* Exercise goal *
In your reply, repeat every entry exactly and skip over each picture.

[Brief descriptive captions]
● ● ●

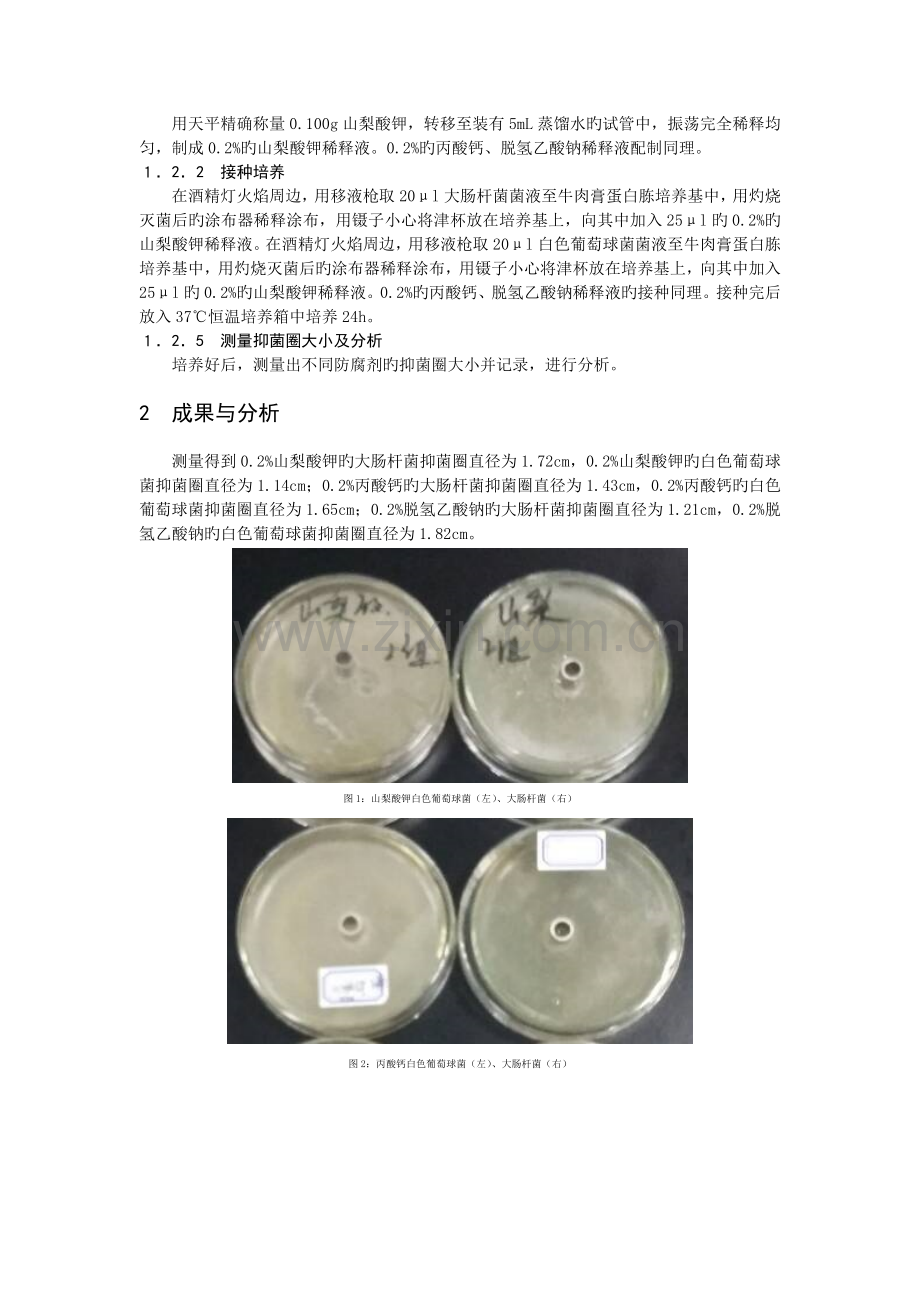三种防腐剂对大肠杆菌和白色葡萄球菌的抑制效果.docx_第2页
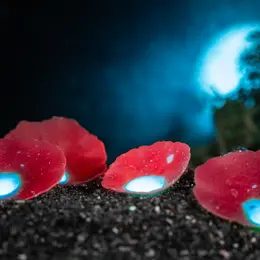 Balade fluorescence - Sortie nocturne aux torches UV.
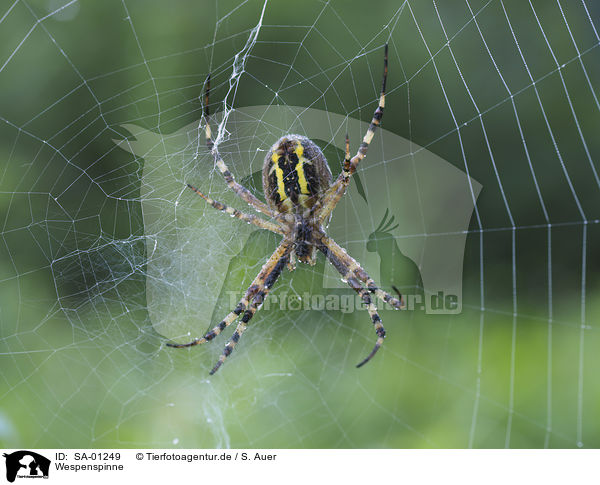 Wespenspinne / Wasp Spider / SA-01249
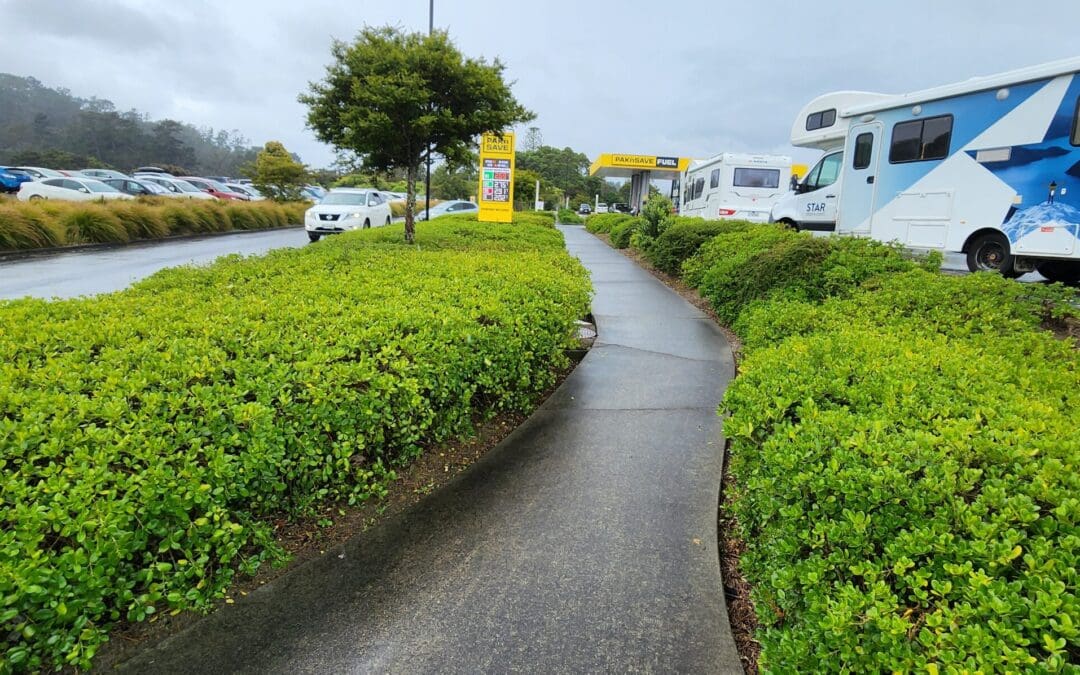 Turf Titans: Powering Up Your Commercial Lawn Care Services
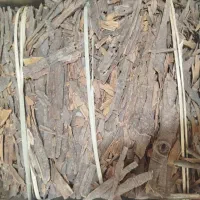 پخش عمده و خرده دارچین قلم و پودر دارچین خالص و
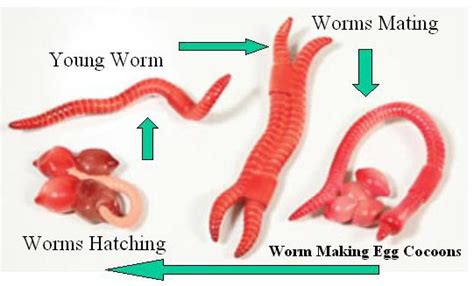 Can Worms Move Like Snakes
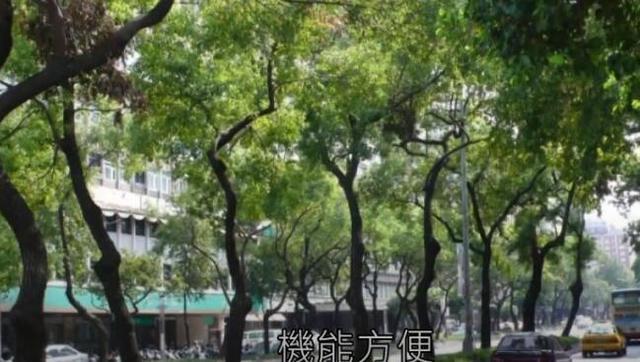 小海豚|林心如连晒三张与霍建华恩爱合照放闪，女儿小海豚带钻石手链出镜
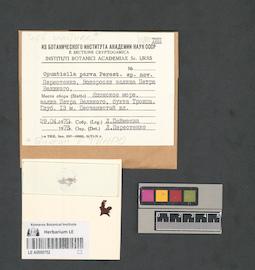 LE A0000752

● ● ●

* Solution to this problem *
三种防腐剂对大肠杆菌和白色葡萄球菌的抑制效果.docx_第2页
 Balade fluorescence - Sortie nocturne aux torches UV.
 Wespenspinne / Wasp Spider / SA-01249
 Turf Titans: Powering Up Your Commercial Lawn Care Services
 پخش عمده و خرده دارچین قلم و پودر دارچین خالص و
 Can Worms Move Like Snakes
 小海豚|林心如连晒三张与霍建华恩爱合照放闪，女儿小海豚带钻石手链出镜
 LE A0000752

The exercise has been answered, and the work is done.